▶ To do
Nothing but the lines from the one containing "Lot 701 - Late" through the last line of the material should appear in the answer, transcribed exactly, pictures excluded.

▶ Data excerpt
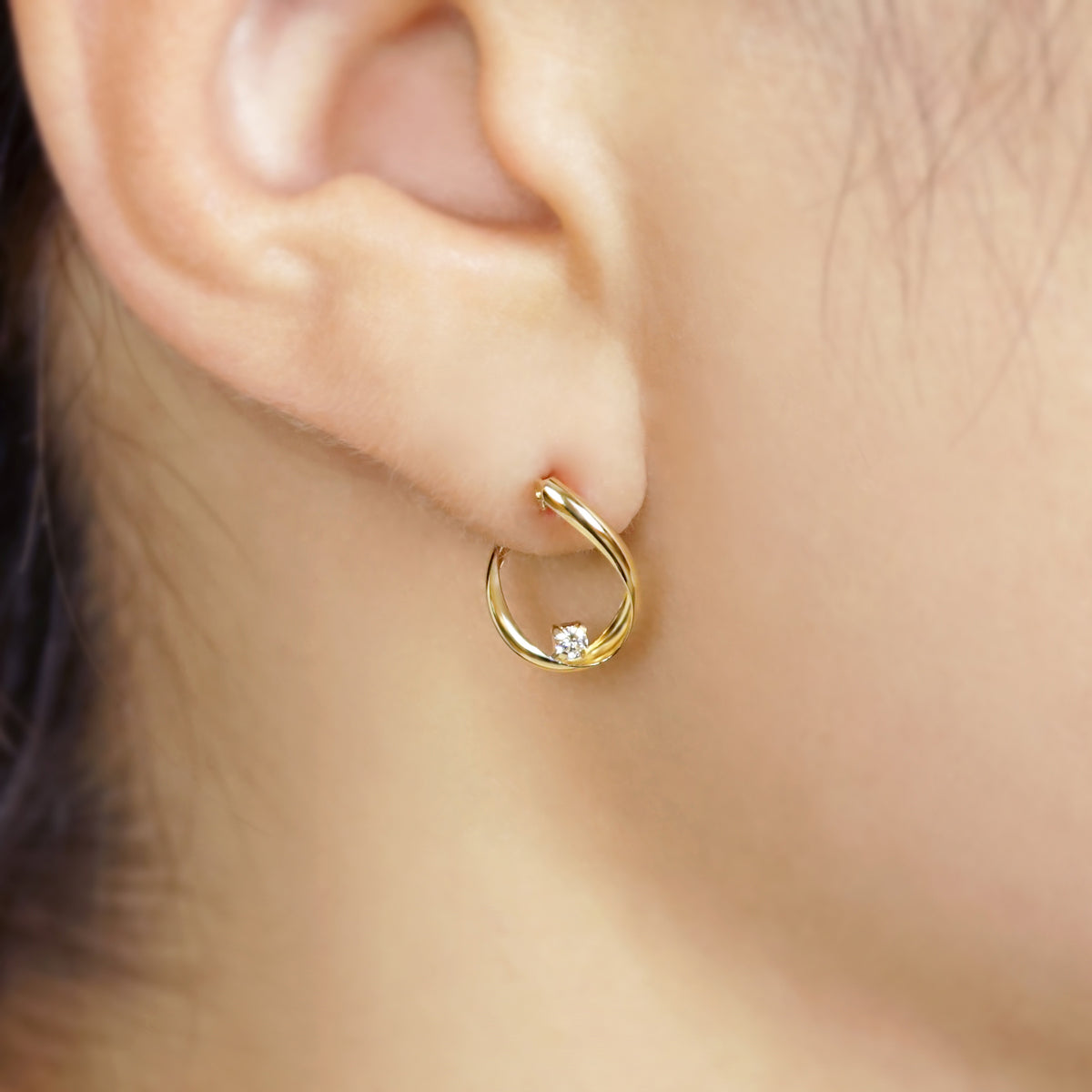 18K Diamond Twisted Hoop Earrings (Yellow Gold) - Model Image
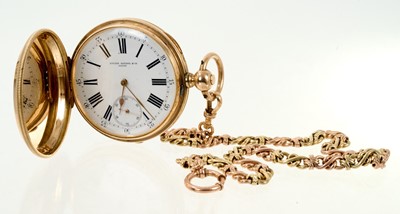 Lot 701 - Late 19th century Swiss gold full hunter pocket watch by Lucien Sandoz & Co, Locle. in gold (56 standard) case with engine turned decoration on rose gold and green gold watch chain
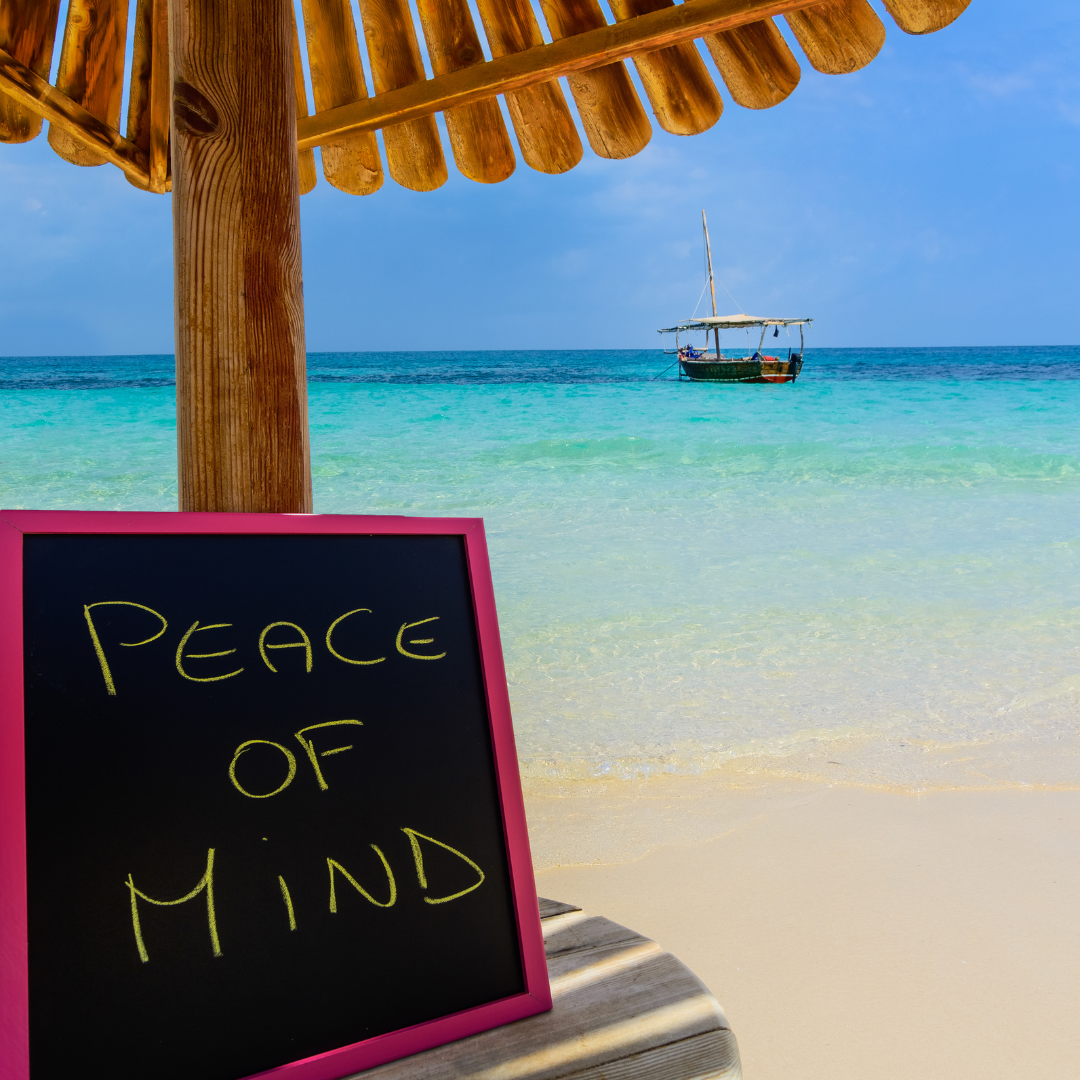 Tropical beach scene featuring a "Peace of Mind" sign, clear blue water, and a traditional boat, representing the ultimate vacation relaxation.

▶ Output of the exercise
 Lot 701 - Late 19th century Swiss gold full hunter pocket watch by Lucien Sandoz & Co, Locle. in gold (56 standard) case with engine turned decoration on rose gold and green gold watch chain
 Tropical beach scene featuring a "Peace of Mind" sign, clear blue water, and a traditional boat, representing the ultimate vacation relaxation.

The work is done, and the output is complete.